■ Exercise requirements ■
Copy the entries that appear below in full, leaving out any picture among them.

■ Caption-style text data ■
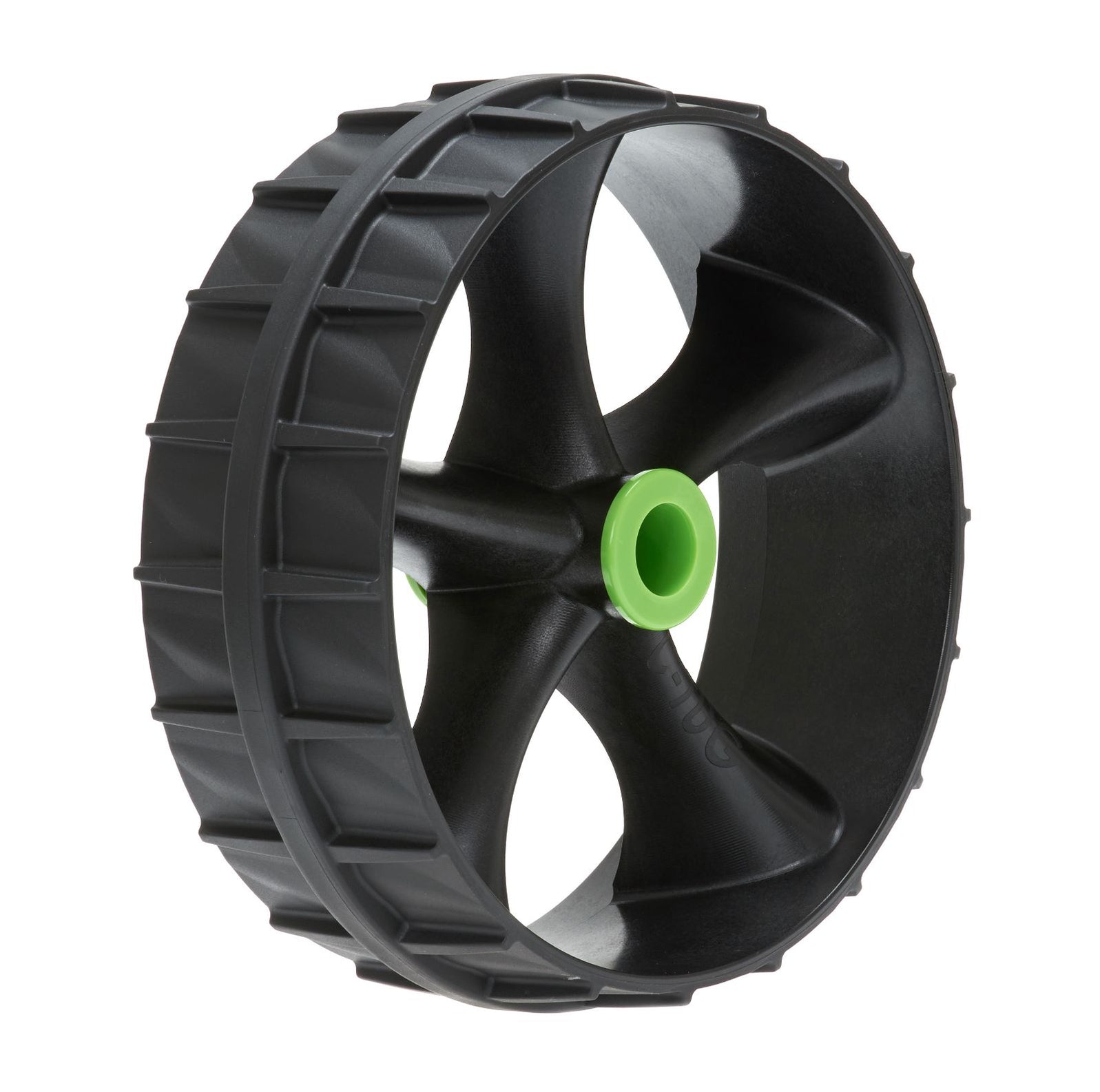 Launching Wheels — RIBstore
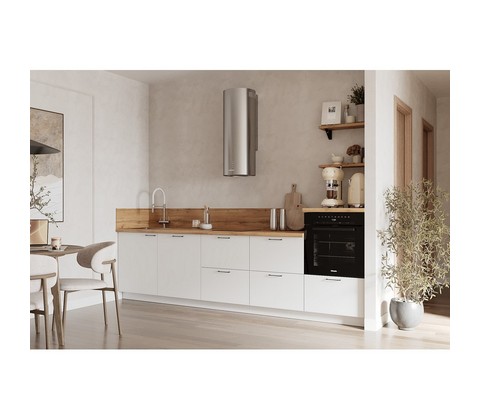 �������� �������� 3000 ������� 3 ����� (�����)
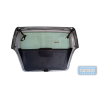 MERCEDES-BENZ PORTELLONE POSTERIORE MERCEDES-BENZ Classe A (W169) 2004>2008 usato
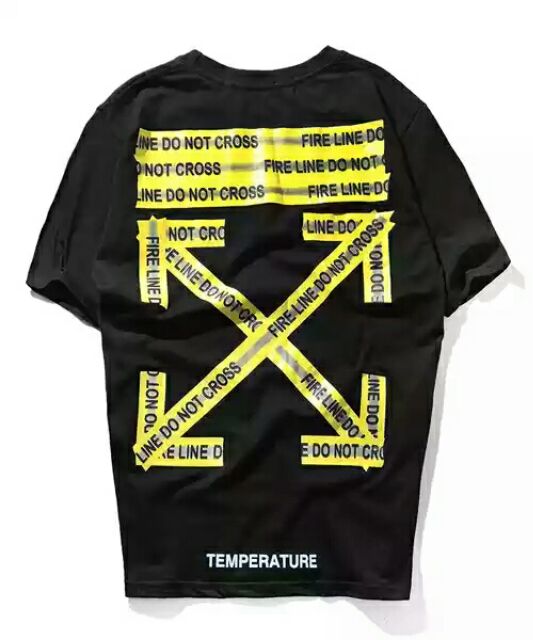 off white not cross sweatshirt,Limited Time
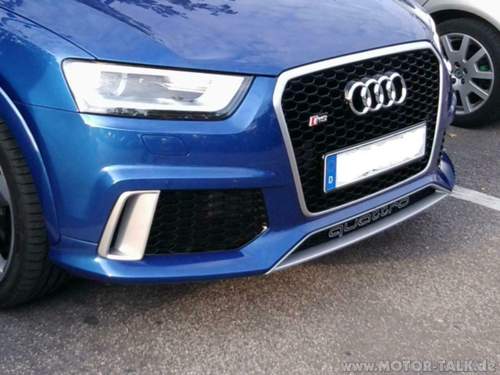 Audi-rs-q3-3
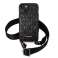 Coque Karl Lagerfeld KLHCP14SSTMMK pour Apple iPhone 14 6 1 » étui rigide Mon photo 4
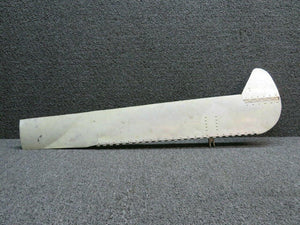 1241158-2 Cessna 210 Main Gear Door Spring Well RH (SA)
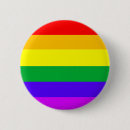 Search for sexuality badges Pride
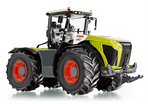 Wiking 1:32 Claas Xerion 4500 Radantrieb     1:32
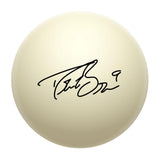 Imperial Drew Brees Players Signature Cue Ball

■ Final answer ■
 Launching Wheels — RIBstore
 �������� �������� 3000 ������� 3 ����� (�����)
 MERCEDES-BENZ PORTELLONE POSTERIORE MERCEDES-BENZ Classe A (W169) 2004>2008 usato
 off white not cross sweatshirt,Limited Time
 Audi-rs-q3-3
 Coque Karl Lagerfeld KLHCP14SSTMMK pour Apple iPhone 14 6 1 » étui rigide Mon photo 4
 1241158-2 Cessna 210 Main Gear Door Spring Well RH (SA)
 Search for sexuality badges Pride
 Wiking 1:32 Claas Xerion 4500 Radantrieb     1:32
 Imperial Drew Brees Players Signature Cue Ball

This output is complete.